I think it's time admit that the climate models that we've been relying on
aren't accurately modeling the changes that are taking place.

I remember reading about models in the 80's and 90's that started showing
significant change starting to take place in the early 2020's, which means we
are running ahead of even those aggressive models. Sort of a hockey stick
curve of changes. What I remember about those aggressive models is that things
got bad real quick, like 2050 quick and real bad like stuff that the normal
models didn't think would happen for a 3 or four hundred years bad.

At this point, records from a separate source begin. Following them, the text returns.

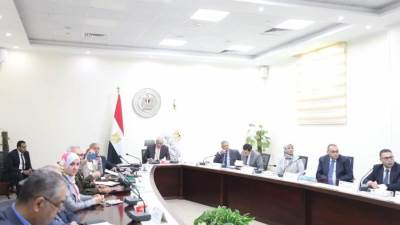 عاشور: توجيه بإيجاد بدائل محلية ذات جدوى اقتصادية لمُستلزمات الإنتاج والصناعة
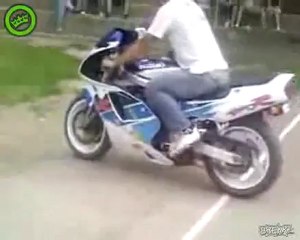 Motoru Kontrol Edemeyince Ağaca Çarpan Adam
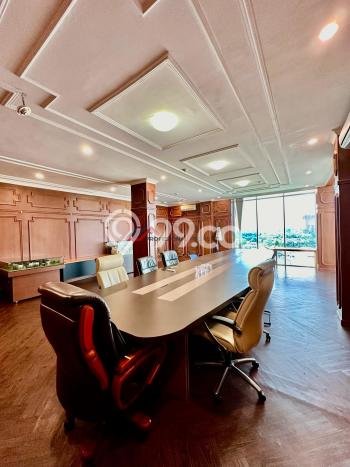 Unit Kantor Dijual di Jakarta Selatan LT 475m2 & LB 1110m2 Unit Kantor Dijual di Jakarta Selatan LT 475m2 & LB 1110m2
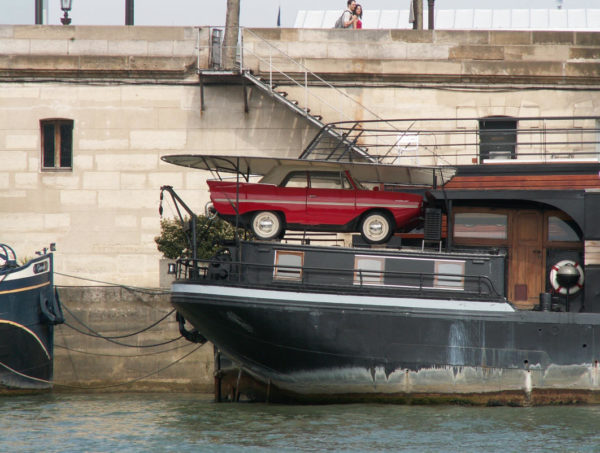The Amphibious Car that Lives on the Seine in Paris
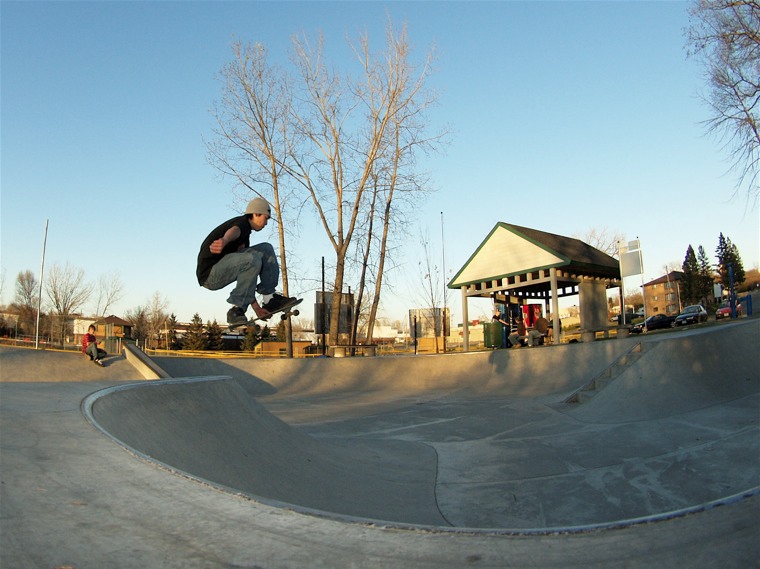 20061029_MoundSkate_140.jpgw760h569
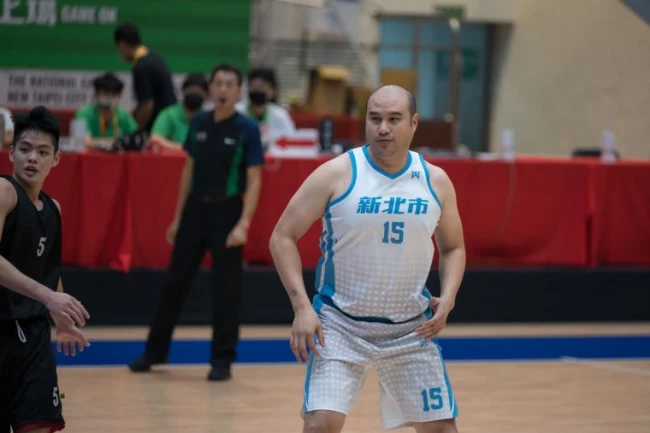 即將43歲的魏永泰復出球場。姚鴻達/攝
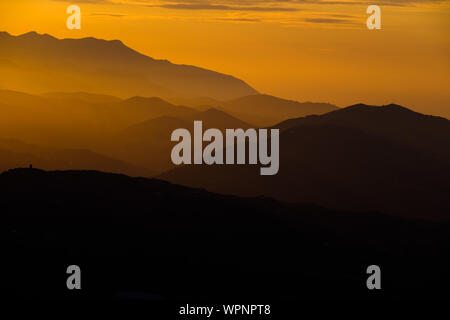 Sonnenaufgang über den Sierras de Tejeda Bergkette vom Berg oben Pueblo von Comares, Axarquia, Malaga, Andalusien, Costa del Sol, Spanien gesehen Stockfoto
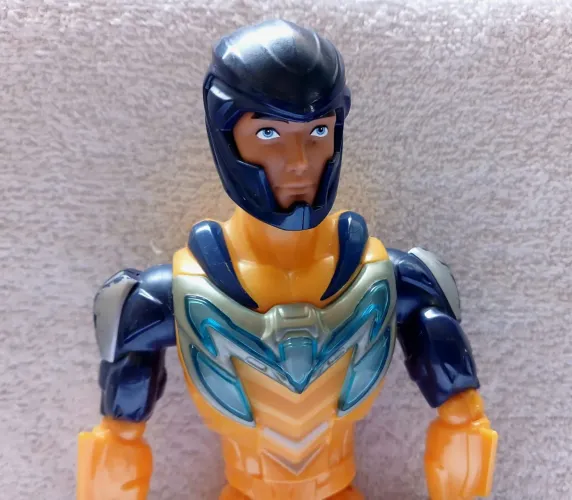 Boneco MaxSteel Max Turbo Lançador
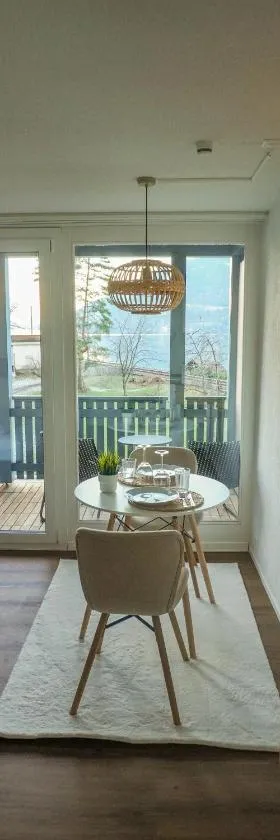Surfers Studio with Beach, near Interlaken and Grindelwald，位于Därligen的酒店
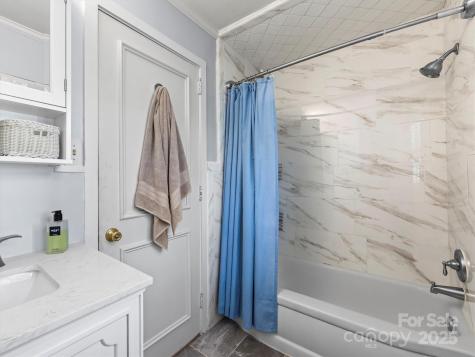 9 Hilltop Road Asheville NC 28803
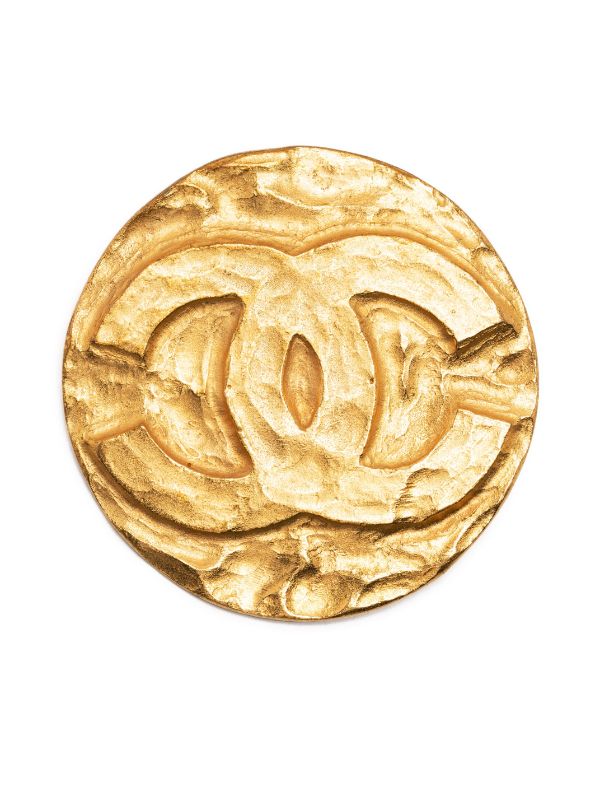 CHANEL Pre-Owned 1980s-1990s logo-engraved brooch, Gold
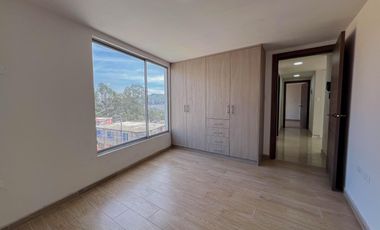 Departamento en venta por estrenar  sector puengasi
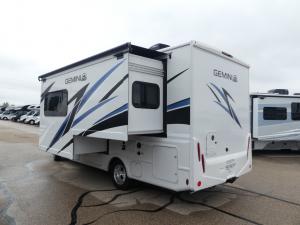 Gemini AWD 23TW Photo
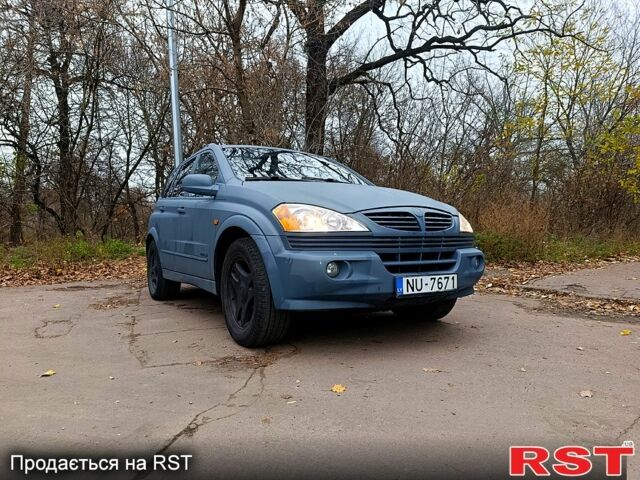 Сірий Cанг Йонг Kyron, об'ємом двигуна 2 л та пробігом 293 тис. км за 4999 $, фото 9 на Automoto.ua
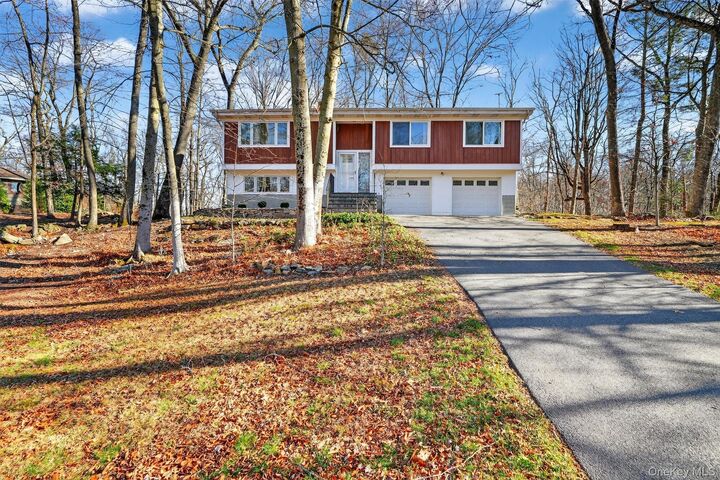 2802 Deer Street  Mohegan Lake NY 10547 photo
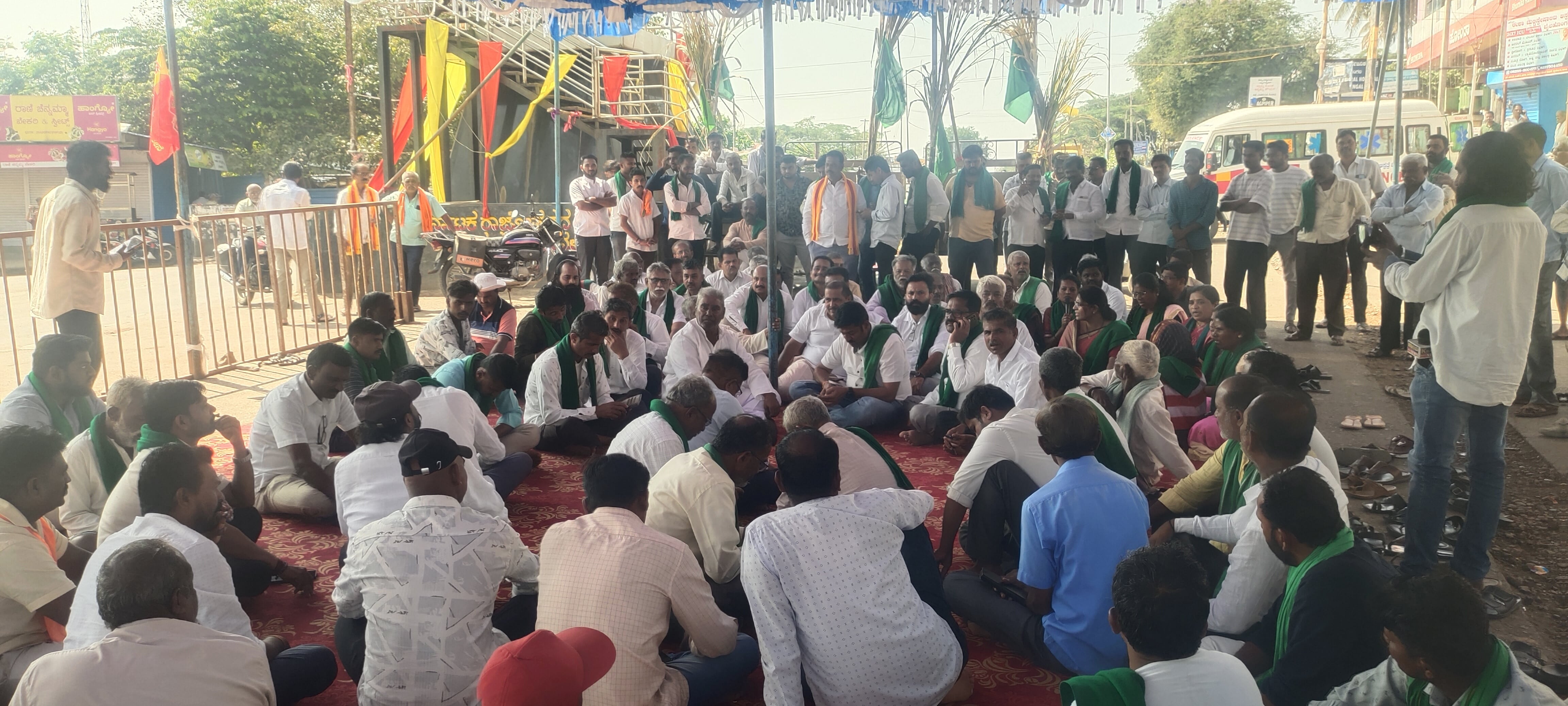 ಬೈಲಹೊಂಗಲದಲ್ಲಿ ಶನಿವಾರ ರೈತರಿಂದ ಹೋರಾಟ ನಡೆಯಿತು 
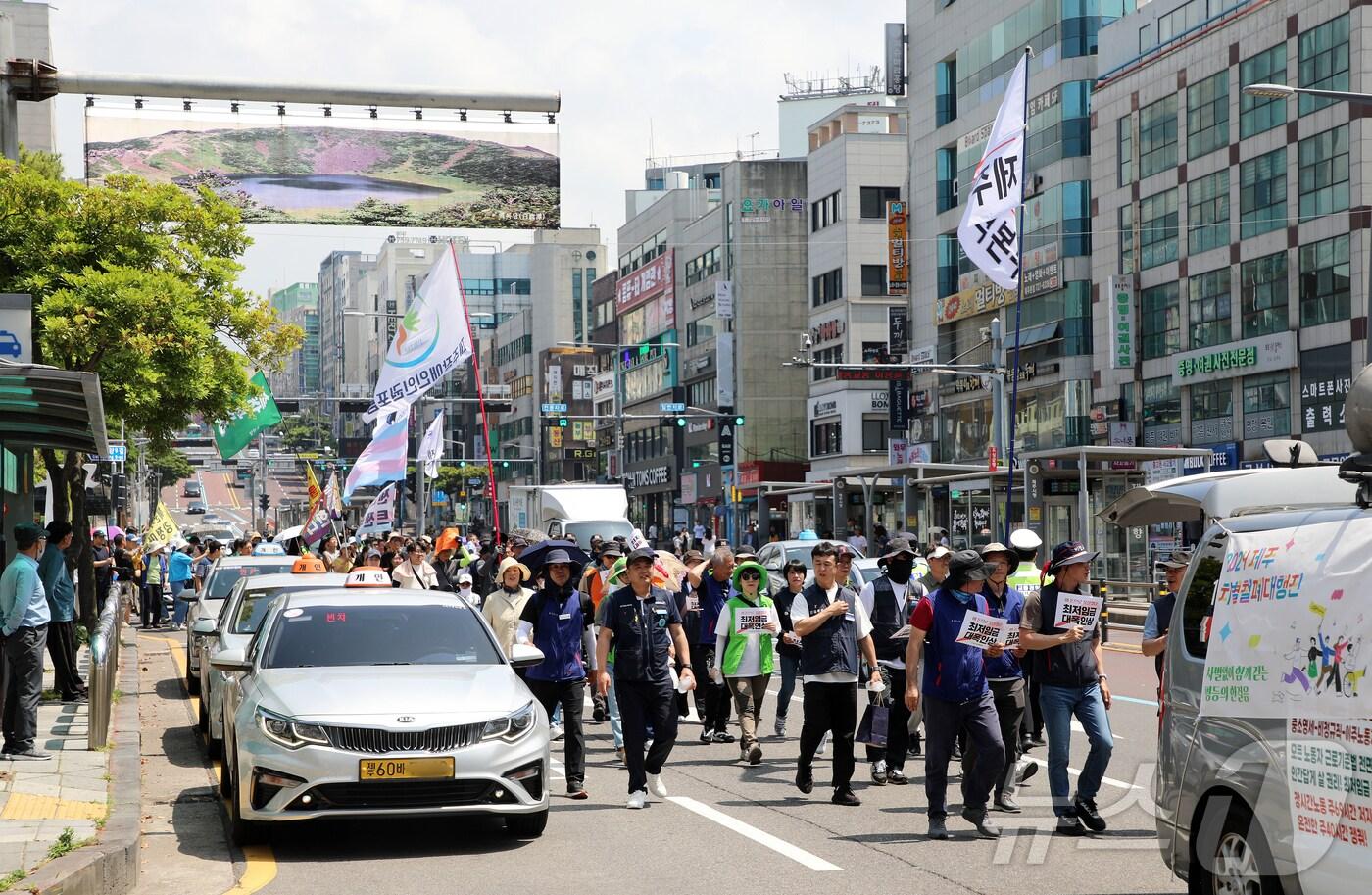 15일 오후 제주시 이도2동 제주시청 앞에서 제주 14개 시민사회단체·정당이 주최한 &#39;2024 제주차별철폐대행진&#39;이 열리고 있다.2024.6.15./뉴스1 ⓒ News1 오미란 기자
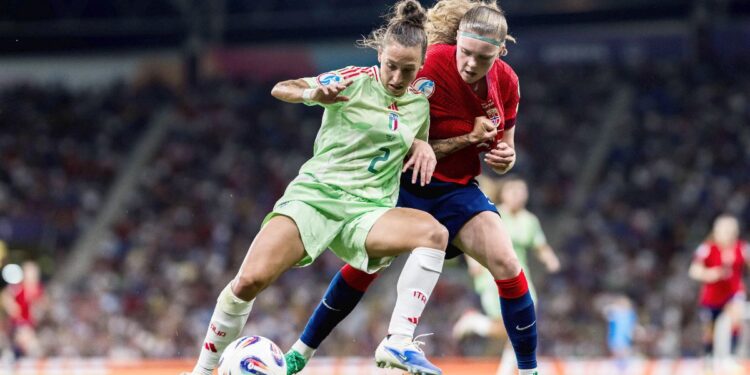 Prima națională calificată în semifinalele Campionului European de fotbal feminin. Meci dramatic între Norvegia și Italia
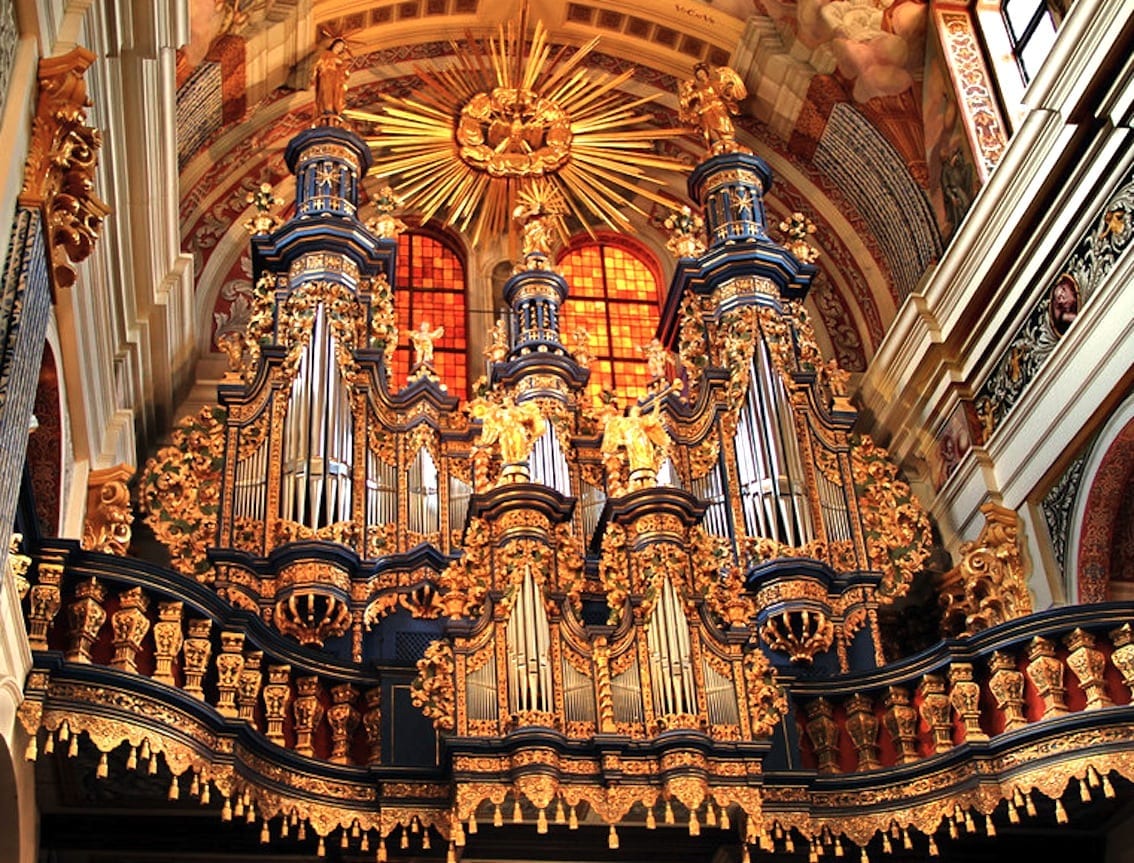 Organy w Świętej Lipce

Those more aggressive models just faded away because no one believed that
things could change so quickly. Back in the day most scientists thought it was
crazy to think that the permafrost would ever thaw on a large scale, let alone
start burning on a massive scale.

Right now everyone is operating on the belief that we can slow the rate of
climate change, but the earth and the climate are now locked in a number of
positive feedback loops, warming oceans, phytoplankton population crashes,
thawing permafrost, thawing glaciers, ocean salinity drops, seal level rise.
These systems and feedback loops are much bigger that the fraction of change
proposed by the Paris agreement, and usually feedback loops don't stop until
resources are exhausted or the loop breaks. These loops have a massive amount
of resources and they aren't going to stop anytime, nor be impacted but our
minuscule proposed changes.

I think the learned climate scientists need to start scouring paper archives
to start looking for those more aggressive models because it's clear the
assumptions the current models use are badly flawed.